胡仲毓

胡仲毓

胡仲毓(1902—1936),男,苗族,又名胡鐘武,奶名海雲。1902年6月出生於貴州丹江縣(今雷山縣)城西門街,1927年加入中國共產黨,參加南昌起義。1928年任紅四軍一師一團團長,1928年9月和賀錦齋師長一起血戰泥沙。1929年奉湘鄂邊前委之命回雷公山地區開展地下革命活動,發展革命武裝力量。1930年4月紅七軍攻打古州(榕江),率民團進發榕江助戰。1934年3月至4月,到廣西河池、懷遠聯繫紅七軍。1934年冬率民團借道榕江往黎平隨紅六軍團長征,到達榕江西門坡時,受到貴州軍閥王家烈布防營阻擊,跟隨紅六軍團長征的願望沒能實現。1936年9月18日被敵人暗害,年僅34歲。胡仲毓是民國時期在貴州省最早開展中國共產黨活動的先驅。

基本介紹

  • 別名:胡鐘武
  • 所處時代國共內戰時期
  • 出生地:貴州丹江縣
  • 出生日期:1902年6月
  • 逝世日期:1936年9月18日
  • 本名:胡仲毓
胡仲毓,同胞兄弟3人,他排行老二,父親胡文錦在丹江縣財政科當差。仲毓少年時代,就讀于丹江廳城高初等兩級國小。他出身低微,家境貧寒,使他自小憐憫貧民,鑄就了不屈不撓、剛正不阿的氣質和奮力抗爭的精神。在校期間,時逢1919年“五四”運動爆發,在進步教師梁聚五(雷山西江人,著名民主人士)的領導下,仲毓積極參與組織學生聯合會,與同學彭英才、包東山等在學校組織學生罷課、鬧學潮;還深入附近村寨,用民族語言向苗族同胞宣傳革命道理,支持‘‘五四”運動,反對當局推行舊教育制度,反對賣國和洋貨輸入中國,請願從軍洗雪國恥。學生群起回響,青年農民紛紛參與,聲勢不斷擴大,震動到鄉鎮各校,慌了偽政當局,縣長李傳璋親率人馬鎮壓。

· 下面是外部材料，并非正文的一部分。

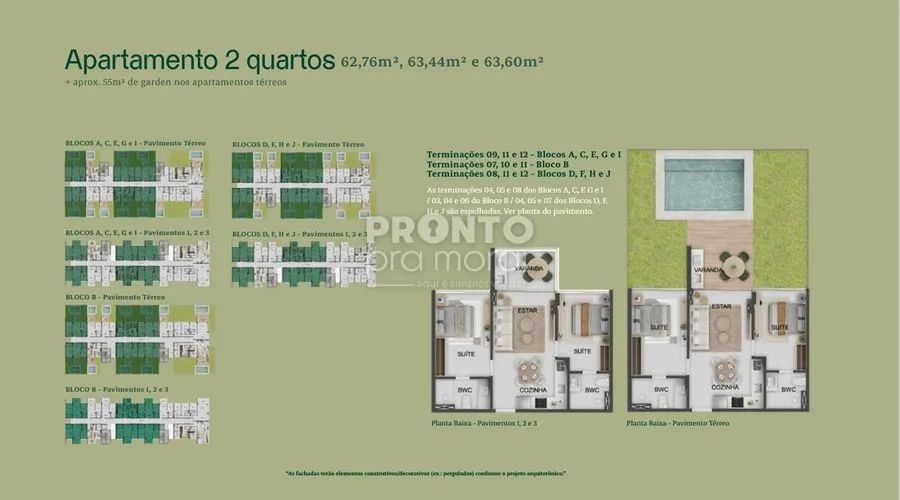 Apartamento com 2 quartos em Carneiros - Foto 2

1921年,胡仲毓應聘到撫遠國小(現望豐國小)教書。從教期間,他活躍在學校和村寨民眾之中,宣傳進步思想,向學生傳授進步知識,教唱進步歌曲等,深得學生的信任和家長的支持,但卻遭到學校領導的嫉恨和指責,狀告他不務正業,亂傳謬論,赤化學生。於是他棄教從政,1924年任縣屬西區區長。這年,丹江地區遭受特大旱災,莊稼枯死過半,貧民生活疾苦。時任縣長李伯修是一個典型的貪官污吏,苛捐雜稅頻頻,丹江苗族人民苦不堪言。仲毓疾惡如仇,憐憫貧民,不願為統治者向災民催糧逼款。因此,多次受偽政當局責罰,他一氣之下辭職回家。

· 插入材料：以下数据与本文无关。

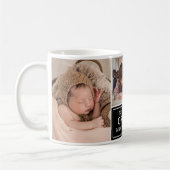 Mug Grand-parents Day Grand-père Noir 3 Photo Collage (Gauche)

1925年初,胡仲毓邀好友包東山,以做生意為由,離家外出尋找真理。他倆常往來於銅仁及湖南的沅陵、平江、瀏陽、醴陵等地,一邊做布匹生意,一邊尋找革命隊伍。後經朋友介紹,結識了周逸群(字立鳳、貴州銅仁人),賀錦齋(賀龍胞弟)等人。是年10月,賀龍第二次在銅仁等地擴充部隊,仲毓得悉後。帶包東山、陶富國(雷山人,1926年在北伐戰爭的一次戰鬥中犧牲)參加了賀龍部隊,在部隊上認識了李光庭等人。“胡仲毓”之名是他投身革命後改的,即陽光普照,萬物更生之意。

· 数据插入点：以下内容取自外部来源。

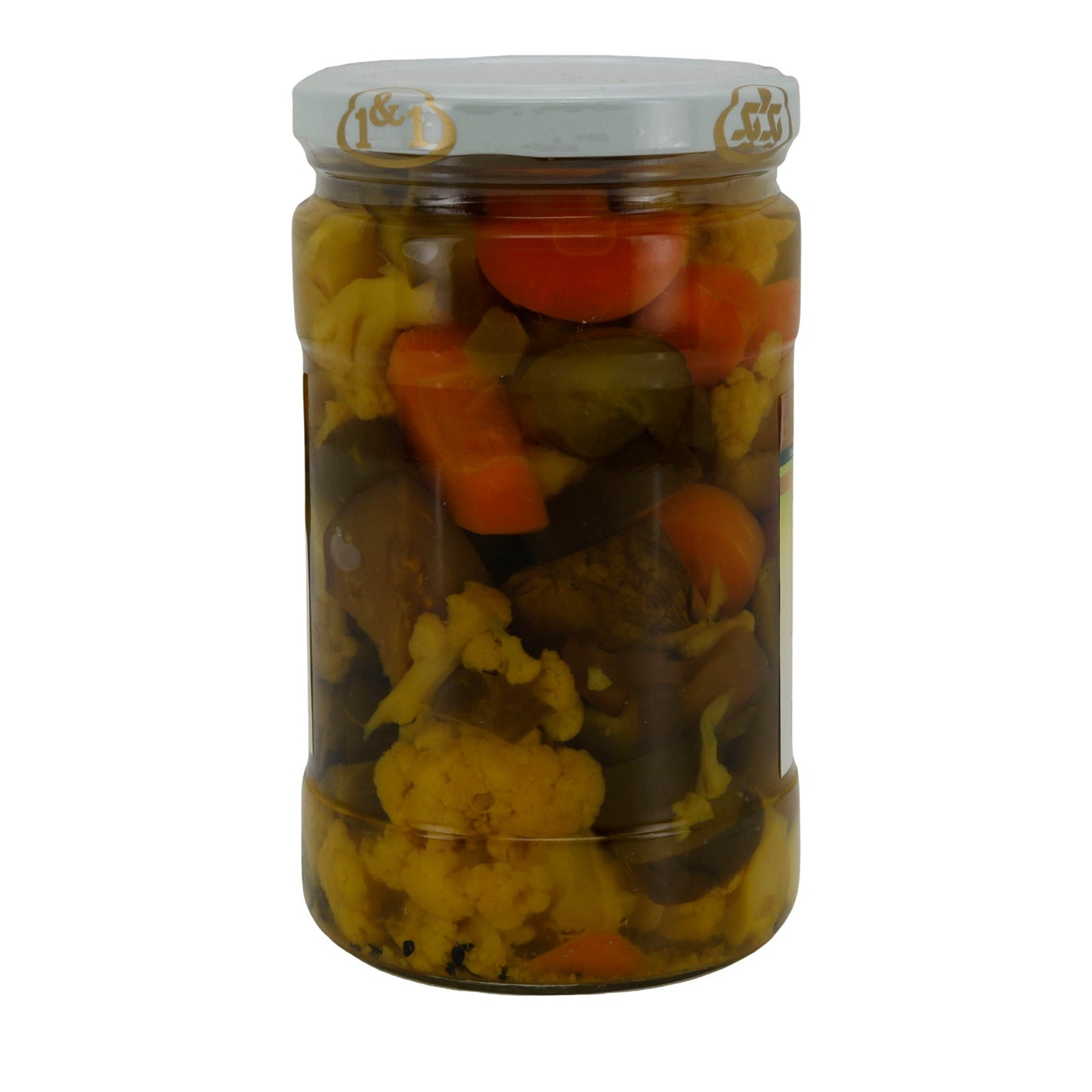Gemischtes Gemüse 1&1 | Mixed Pickled Vegetables | Aromatisch eingelegt | 640 g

仲毓投身革命後,在湖南從事革命活動期間,經常在謝吉昌(胡仲毓遺孀謝翠蘭之父)的客棧接頭、聚會或住店。通過多次接觸,謝老見仲毓為人正直、忠厚、有志向,流露出讚許之情。賀錦齋對屬下時任營長的胡仲毓亦有偏愛之心,在一次住店擺談中點了鴛鴦譜。謝老同意,將閨女謝翠蘭許配給胡仲毓。
1926年初,胡仲毓與謝翠蘭回到老家丹江結為伉儷。婚後無蜜月,沒幾天仲毓便與包東山一起回湖南。1926年6月,胡仲毓、包東山、李光庭等隨賀龍部隊開往大庸,7月在大冶。1927年初,胡仲毓經周逸群、譚平山介紹,與李光庭、包東山等在湖南石門加入了中國共產黨。是年8月1日,隨賀龍部隊參加南昌武裝起義。起義失敗以後,胡鐘毓隨賀錦齋團轉戰湘、鄂西一帶,先後攻克了慈利、石門、澧州、津市、石首等城池。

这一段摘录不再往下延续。